Method 2: inverse loss

Compute each checkpoint’s loss on the validation set, then set weight proportional to (1/\text{loss}^2). Lower loss → higher weight. No gradient step, fast.

python model_arithmetic/arithmetic.py \
  --config pi05_hang_cloth \
  --data-path hang_cloth_val.pkl \
  --checkpoints \
    /path/to/ckpt_run1/90000 \
    /path/to/ckpt_run2/90000 \
    /path/to/ckpt_run3/90000 \
  --output /path/to/mixed_ckpt_inverse \
  --optimize_method inverse_loss \
  --use_gpu \
  --gpu_ids "0"

Method 3: gradient descent

Optimize mixing weights by gradient descent on the mixed model’s validation loss (Adam + cosine LR). Usually gives better weights than inverse_loss. Tune --num_iterations and --learning_rate if needed.

python model_arithmetic/arithmetic.py \
  --config pi05_hang_cloth \
  --data-path hang_cloth_val.pkl \
  --checkpoints \
    /path/to/ckpt_run1/90000 \
    /path/to/ckpt_run2/90000 \
    /path/to/ckpt_run3/90000 \
  --output /path/to/mixed_ckpt_gd \
  --optimize_method gradient_descent \
  --num_iterations 50 \
  --learning_rate 0.05 \
  --use_gpu \
  --gpu_ids "0"

Method 4: adaptive gradient descent

Same as gradient_descent but scales the gradient step by the current loss (larger loss → larger update).
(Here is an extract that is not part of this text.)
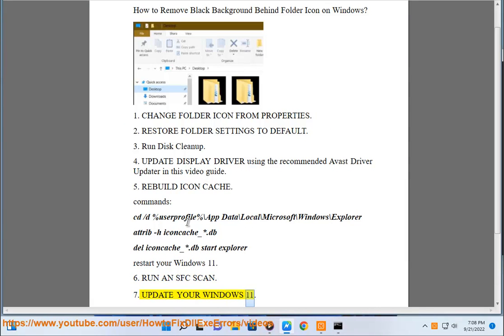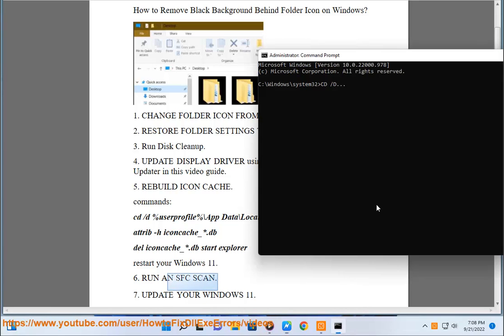Update your Windows 11. Clock dot dot reset. 8.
Can help when losses vary a lot. Same args as gradient_descent.

python model_arithmetic/arithmetic.py \
  --config pi05_hang_cloth \
  --data-path hang_cloth_val.pkl \
  --checkpoints \
    /path/to/ckpt_run1/90000 \
    /path/to/ckpt_run2/90000 \
    /path/to/ckpt_run3/90000 \
  --output /path/to/mixed_ckpt_adaptive \
  --optimize_method adaptive_gradient_descent \
  --num_iterations 50 \
  --learning_rate 0.05 \
  --use_gpu \
  --gpu_ids "0"

Method 5: greedy search

Greedy forward selection: (1) pick the single checkpoint with lowest loss, (2) repeatedly add the checkpoint that most improves the (equal-weight) mix, (3) stop when no improvement. No continuous weights—only which checkpoints to include and equal weighting among them. No --num_iterations or --learning_rate.

python model_arithmetic/arithmetic.py \
  --config pi05_hang_cloth \
  --data-path hang_cloth_val.pkl \
  --checkpoints \
    /path/to/ckpt_run1/90000 \
    /path/to/ckpt_run2/90000 \
    /path/to/ckpt_run3/90000 \
  --output /path/to/mixed_ckpt_greedy \
  --optimize_method greedy \
  --use_gpu \
  --gpu_ids "0"

Method 6: Manual weights

If you already know the weights (e.g. 0.5, 0.3, 0.2), pass them with --weights. They will be normalized to sum to 1. Do not set --optimize_method.

python model_arithmetic/arithmetic.py \
  --config pi05_hang_cloth \
  --data-path hang_cloth_val.pkl \
  --checkpoints \
    /path/to/ckpt_run1/90000 \
    /path/to/ckpt_run2/90000 \
    /path/to/ckpt_run3/90000 \
  --output /path/to/mixed_ckpt_manual \
  --weights 0.5 0.3 0.2 \
  --use_gpu \
  --gpu_ids "0"

Number of values in --weights must match the number of checkpoints.


PyTorch checkpoints: arithmetic_torch.py

For OpenPI PyTorch checkpoints (each dir must contain model.safetensors), use arithmetic_torch.py. Same methods as JAX (average, inverse_loss, gradient_descent, adaptive_gradient_descent, greedy, manual --weights).

Example with gradient_descent:

python model_arithmetic/arithmetic_torch.py \
  --config pi05_hang_cloth \
  --data-path hang_cloth_val.pkl \
  --checkpoints /path/to/torch_ckpt1 /path/to/torch_ckpt2 /path/to/torch_ckpt3 \
  --output /path/to/mixed_torch_ckpt \
  --optimize_method gradient_descent \
  --num_iterations 50 \
  --learning_rate 0.05

Example with inverse_loss:

python model_arithmetic/arithmetic_torch.py \
  --config pi05_hang_cloth \
  --data-path hang_cloth_val.pkl \
  --checkpoints /path/to/torch_ckpt1 /path/to/torch_ckpt2 \
  --output /path/to/mixed_torch_ckpt \
  --optimize_method inverse_loss

Example with manual weights:

python model_arithmetic/arithmetic_torch.py \
  --config pi05_hang_cloth \
  --data-path hang_cloth_val.pkl \
  --checkpoints /path/to/torch_ckpt1 /path/to/torch_ckpt2 \
  --output /path/to/mixed_torch_ckpt \
  --weights 0.6 0.4

Requires pip install safetensors if not already installed.